▶ [Material provided]:
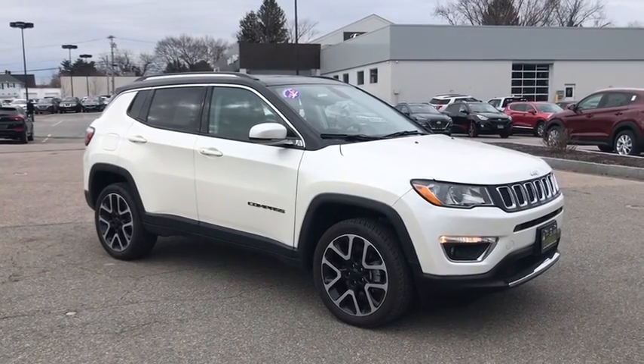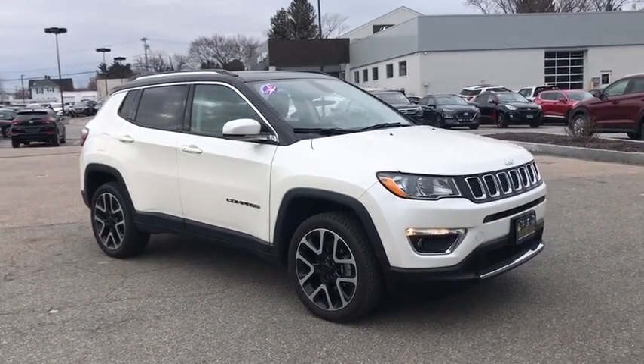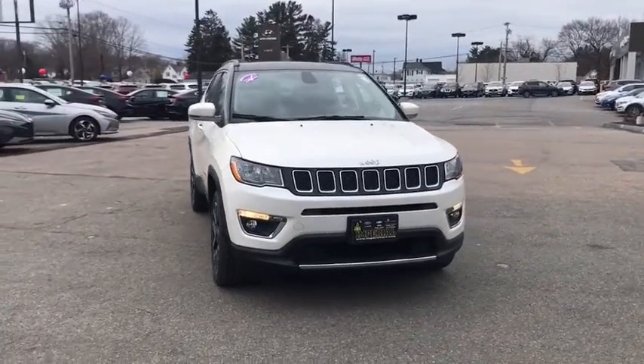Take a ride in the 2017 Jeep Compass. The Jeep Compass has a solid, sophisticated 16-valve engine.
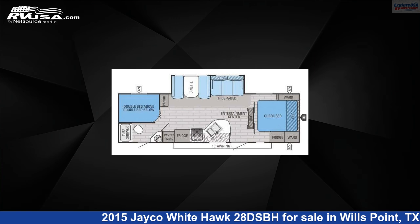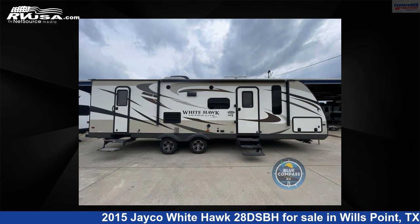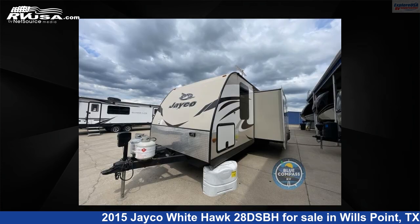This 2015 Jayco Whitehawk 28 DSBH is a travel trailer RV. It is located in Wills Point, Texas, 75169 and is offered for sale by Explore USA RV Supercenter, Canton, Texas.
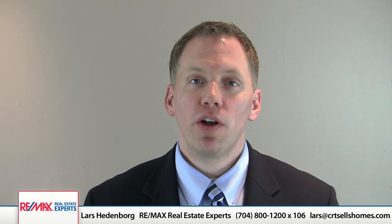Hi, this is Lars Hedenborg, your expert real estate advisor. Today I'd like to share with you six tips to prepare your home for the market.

▶ [Exercise goal]:
The expected answer is the lines from the one that has "This 2015 Jayco" to the end of the listing, transcribed exactly, with pictures left out and no other line added.

▶ [Task result]:
This 2015 Jayco Whitehawk 28 DSBH is a travel trailer RV. It is located in Wills Point, Texas, 75169 and is offered for sale by Explore USA RV Supercenter, Canton, Texas.
Hi, this is Lars Hedenborg, your expert real estate advisor. Today I'd like to share with you six tips to prepare your home for the market.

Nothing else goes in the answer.